Driving acceleration

Since the 1990s, researchers have observed thousands of type 1a supernovae. Contrary to expectations for a matter-dominated universe, these measurements revealed that the universe’s expansion is speeding up. This lead to the concept of dark energy – a hypothetical entity that is driving this acceleration.

But in 2025, a team of astronomers in South Korea, led by Junhyuk Son at Yonsei University, Seoul, made an observation which appeared to turn this long-standing picture on its head. “They claimed that a subtle correlation between the brightness of the supernova and the age of the galaxy it exploded in could, if left uncorrected, mean that the overall measurements actually now indicate that the expansion is now slowing,” Wiseman explains. “In other words, that dark energy was strong billions of years in the past, but has subsequently weakened.”

In their study, Wiseman and his colleagues revisited the data used by Son’s team – accounting for a correction the previous astronomers hadn’t applied. Regardless of redshift, the peak brightness of type 1a supernovae in lower-mass galaxies is known to be slightly fainter than those in higher-mass galaxies. Although the reasons for this correlation remain unclear, astronomers have routinely been correcting for it over the past 15 years.

Wiseman’s team applied the same correction – ensuring their calculated distances were unaffected by differences in galaxy mass. “We also used simulations, where we traced how the age of the exploding stars and the galaxies they explode in evolve with cosmic time,” Wiseman says.

Similar ages

With this correction applied, the claimed correlation between supernova brightness and host galaxy age became almost undetectable. “Even if we account for the prediction that the relationship between the supernova and the galaxy should change as we look further back in time, we end up with almost identical measurements of dark energy,” Wiseman continues. Their simulations also showed that supernova progenitor stars have exploded at consistently similar ages throughout cosmic history.

The results will likely come as a relief to many cosmologists, averting the dark energy crisis some had feared. All the same, the team says Son’s study provides a valuable test of existing approaches to measuring the universe’s expansion rate, given the limitations of current observational capabilities.

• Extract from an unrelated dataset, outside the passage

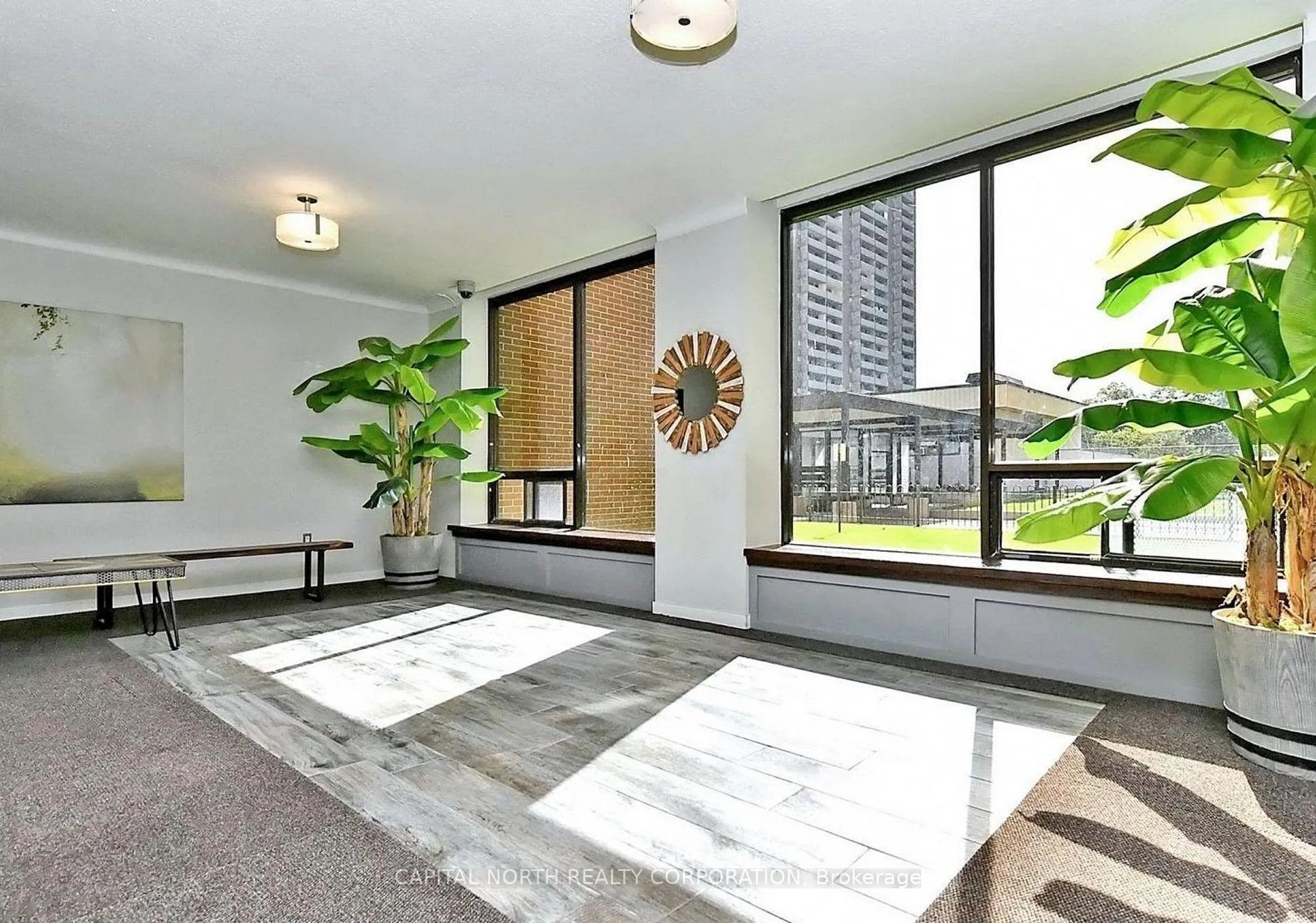Photo 4 of Unit 606, 5 Massey Square, Toronto, Crescent Town — HOMEH
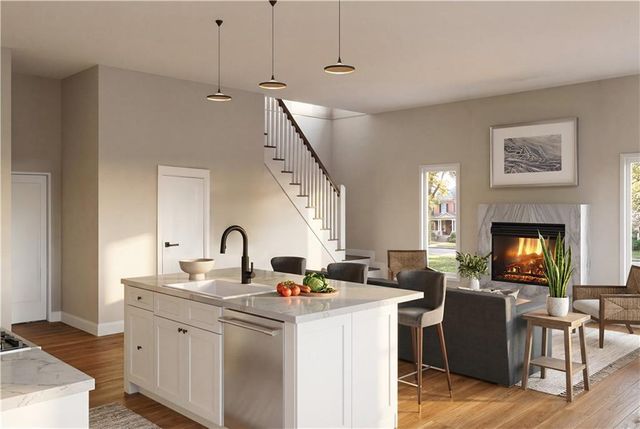 961 Hank Aaron SW Drive A, Atlanta, GA 30315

“In an ideal world, we think a correction based on the age of the galaxy would be slightly more accurate than using the galaxy mass, but these measurements are currently not available for more than a handful of supernova host galaxies in the distant universe,” Wiseman says. “Until then, a mass correction is adequate and the implication is that the Universe is still accelerating due to dark energy.”

The research is described in Monthly Notices of the Royal Astronomical Society.